Work item =
Starting with the line below that holds "Hull, HU3 2BG)" and stopping after the line that holds "Il banchetto di", transcribe the lines exactly, leaving out all pictures.

Given records =
════
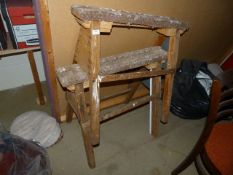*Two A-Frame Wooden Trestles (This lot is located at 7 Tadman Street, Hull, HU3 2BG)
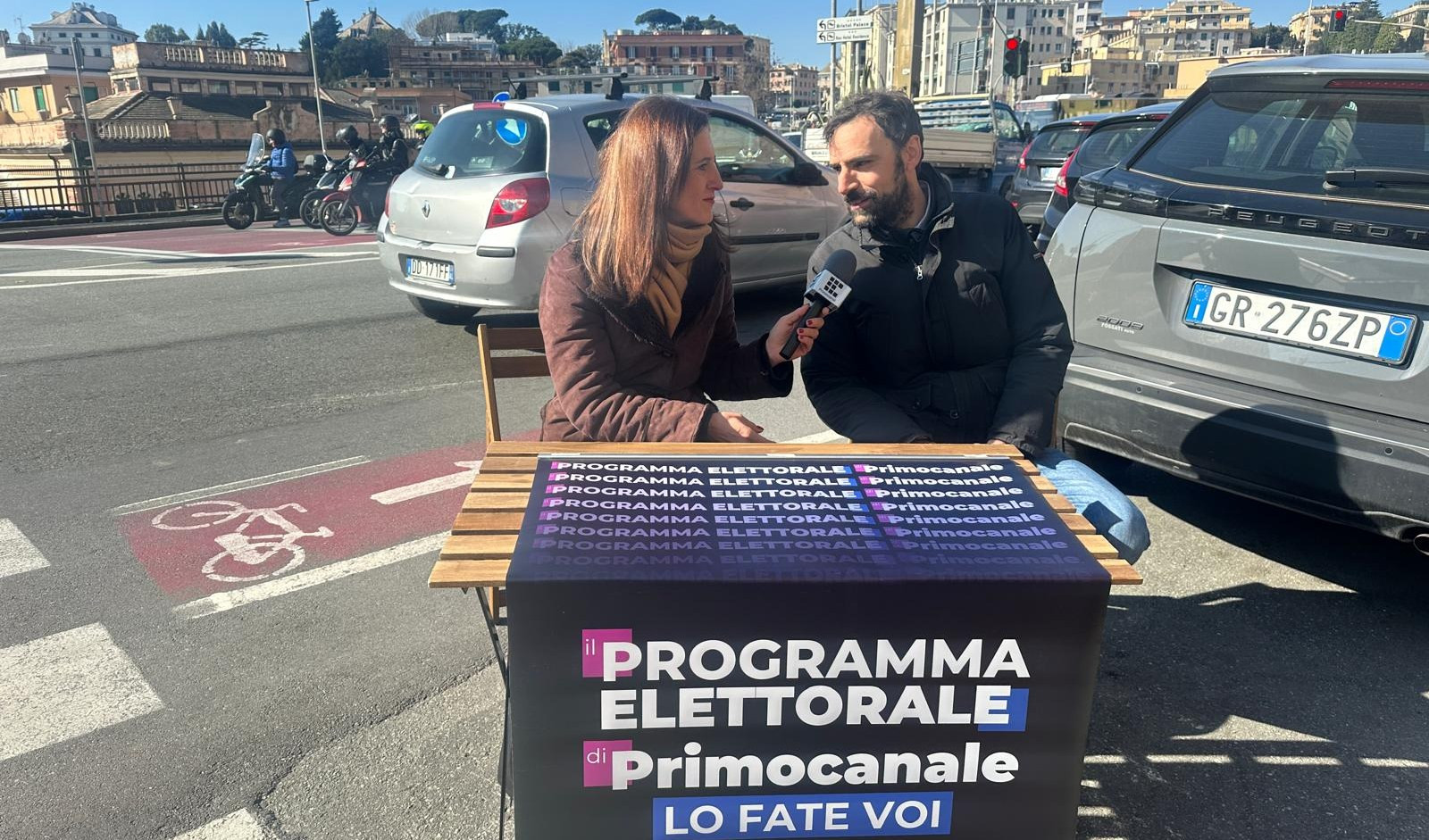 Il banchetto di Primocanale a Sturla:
════
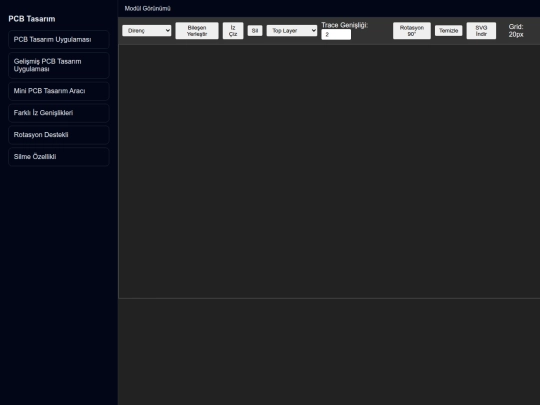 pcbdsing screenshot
════
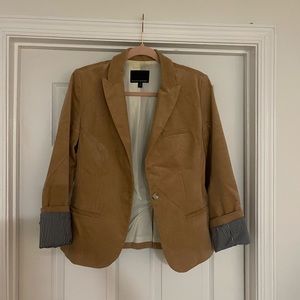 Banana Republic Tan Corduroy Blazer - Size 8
════
Your response =
*Two A-Frame Wooden Trestles (This lot is located at 7 Tadman Street, Hull, HU3 2BG)
 Il banchetto di Primocanale a Sturla:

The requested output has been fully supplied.